NEW YORK, July 3, 2026, 05:03 EDT
- U.S. equity markets shut Friday for the Independence Day holiday.
- Nvidia closed Thursday at $194.83, dropping 1.39% on the day. That’s still up 1.2% from where shares finished last Friday.
- Two named Nvidia cloud partners are targeting up to 210,000 GPUs. Firmus says its offtake deal values each planned accelerator between $147,000 and $176,000 over six years.
NVIDIA Corporation NASDAQ:NVDA heads into the extended U.S. holiday with shares that outperformed the chip sector overall but are still held back by Wall Street’s latest concern: how much future sales will come from customers relying on Nvidia-funded infrastructure. Nasdaq will be closed July 3 for Independence Day observed. Regular trading hours are 9:30 a.m. to 4 p.m. Eastern.
Nvidia ended Thursday at $194.83, off 1.39%, with 142.4 million shares traded. That’s 17.6% under its May 14 peak of $236.54. The after-hours quote was $194.43.
The clearer take is to look at week-on-week numbers. Nvidia climbed 1.2% since the June 26 close. Invesco QQQ Trust Series 1 NASDAQ:QQQ gained 0.9%. VanEck Semiconductor ETF NASDAQ:SMH dropped 3.2%. The table is based on Thursday closes, with June 26 as the starting point.
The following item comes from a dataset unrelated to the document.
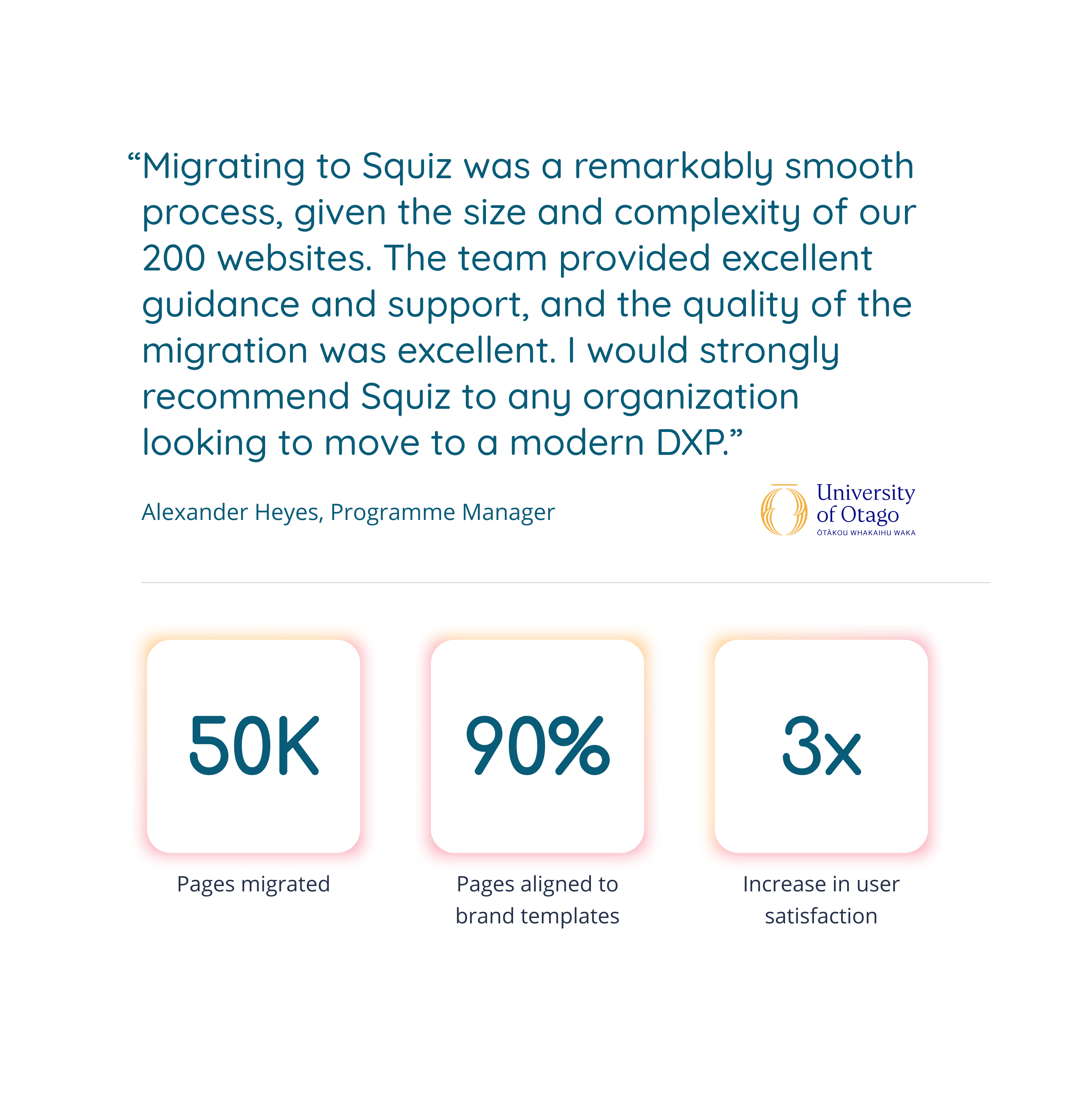 Customer testimonial:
| Security | Thursday close | Thursday move | Change from June 26 close | What it says |
|---|---|---|---|---|
| NVIDIA Corporation NASDAQ:NVDA | $194.83 | -1.39% | +1.2% | NVIDIA kept its gains from last Friday even with chip names down |
| Invesco QQQ Trust Series 1 NASDAQ:QQQ | $712.60 | -1.73% | +0.9% | Large tech names dropped Thursday but are still up on the week |
| VanEck Semiconductor ETF NASDAQ:SMH | $592.29 | -4.54% | -3.2% | Semiconductors saw heavier selling continue |
Nasdaq Composite lost 0.8% Thursday and the Philadelphia Semiconductor Index tumbled 5.4%, Reuters reported, though the Dow still finished at an all-time high. Bruce Zaro at Granite Wealth Management said investors were probably “taking profits in chip stocks” after their strong run. Adam Sarhan, chief at 50 Park Investments, said softer jobs data “takes the pressure off the Fed” for now. Reuters
Nvidia is shifting its focus to contract density, saying this week it will let AI cloud firms get its infrastructure via a revenue-sharing and credit-support model. The company gets its typical product revenue, but also takes a cut of the cloud revenue from supported capacity. Colette Kress and Raj Mirpuri said new AI firms have faced “limited access to capital-intensive infrastructure.” Nvidia says the deal setup builds a “recurring, usage-linked earnings stream.” NVIDIA Blog
| Partner | Market status | Stated Nvidia-linked capacity | Revenue or funding data | Implied investor read |
|---|---|---|---|---|
| SharonAI Holdings Inc. NASDAQ:SHAZ | Public | Up to 40,000 Grace Blackwell GB300 GPUs | $1.6 billion private placement; AI factory total 132 MW, 102 MW already contracted | Backed growth, but stock risk for partner stands out |
| Firmus Technologies | Private | Up to 170,000 Nvidia AI accelerators; 360 MW Batam campus | $25 billion to $30 billion in offtake lined up for first six years | Works out to about $147,000-$176,000 per planned accelerator |
| Named early partners combined | Mixed | Up to 210,000 GPUs/accelerators | Nvidia cloud revenue share hasn’t been released | Big GPU count, but investors still watching revenue delivery |
Firmus said its deal with Nvidia runs to 2034. The partnership includes accelerators for Grace-Blackwell, Vera-Rubin and Vera platforms into 2027 and 2028. “AI-native companies need scalable, energy and cost-efficient compute infrastructure to compete globally,” said co-CEO Tim Rosenfield. Firmus
SharonAI plans to use the $1.6 billion it raised to fund its six-year compute partnership with Nvidia. Co-founder and CEO James Manning said demand for GPU compute is still “significantly outpacing supply.” Sharon AI
This makes a difference for Nvidia holders, since the model shifts focus from just chip shipment numbers to include factors like utilization, customer credit, and how much revenue comes from the cloud. The breakdown hasn’t been made public. Nvidia finished Thursday with a market cap near $4.75 trillion, pricing the stock at about 29.7 times earnings using current data.
Markets reopen Monday, July 6, after the holiday break for U.S. cash equities. First move is watching if $192.53, Friday’s close, holds up as support. The other focus is SharonAI’s NASDAQ:SHAZ trading, with the stock off 14.3% at $67.91 on Thursday. Nvidia’s decline was much less.